Our morning's activity today was a visit to the Museo de Cultura Popular, the Museum of Popular Culture. We started the day off by cooking these delicious coconut cookies, that I'm sure would make my (real) dad's mouth water, and then proceeded onto to explore the museum. Though I don't know if I'd really call it a museum. I have a feeling that this mostly happened simply because we didn't have a great guide, but I'm not really sure what the museum was about.

Our guide began by explaining to us that this was not a museum of tangible objects, but rather a museum of smells, touches, experiences, etc., which seemed to make sense at first when you looked back at our experience of cooking the coconut cookies. All too soon however, I lost him. There were some pretty cool things that he showed us, but it seemed to be a random hodge podge as we walked around a field with a building in the middle of it.

One of the first things he showed us was this plant that grew these fruit-like bulbs, that looked a little like mamones chinos, that if you broke open, you would find small berries that had a red dye in them that people used for clothing and as make-up. Well, that cleared up the question of whether or not there was blood on his pants, we figured it was just the red dye. He also showed us how to know when a coffee bean is ripe for picking.

Next, he set us loose into a house with all of it's doors and windows closed and told us to open all of them. All of them were barred with a bar that came up and off of two supports on either side of the opening, which meant that when I tried to open a door in pitch black, the bar obviously fell and crashed to the ground. In response, the guide himself came crashing through the door I somehow managed to open to make sure everything was alright.

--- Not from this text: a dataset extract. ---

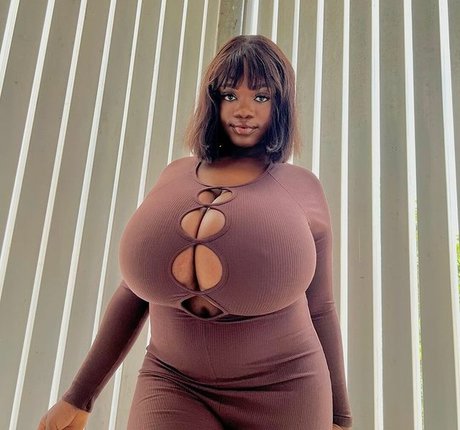 Chanel La Croix star pretty picture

The house was a bit random as well, but some artifacts he brought out were cool. One was a ceramic doll with the number 13 and a horseshoe on the side. In American culture, this would be considered unlucky, but in Costa Rican culture, the number 13 is lucky, and the horseshoe as well. The moral of the story was that it all depends on perspective. This was followed by a can that was similar to a watering can, but the spout went downwards instead of up. We learned that this was to help bathe babies and pregnant women in the olden days. The last artifact was a wooden egg, which is apparently used for darning socks and by putting it in their nests, making chickens think they already laid an egg and responding to this by laying more.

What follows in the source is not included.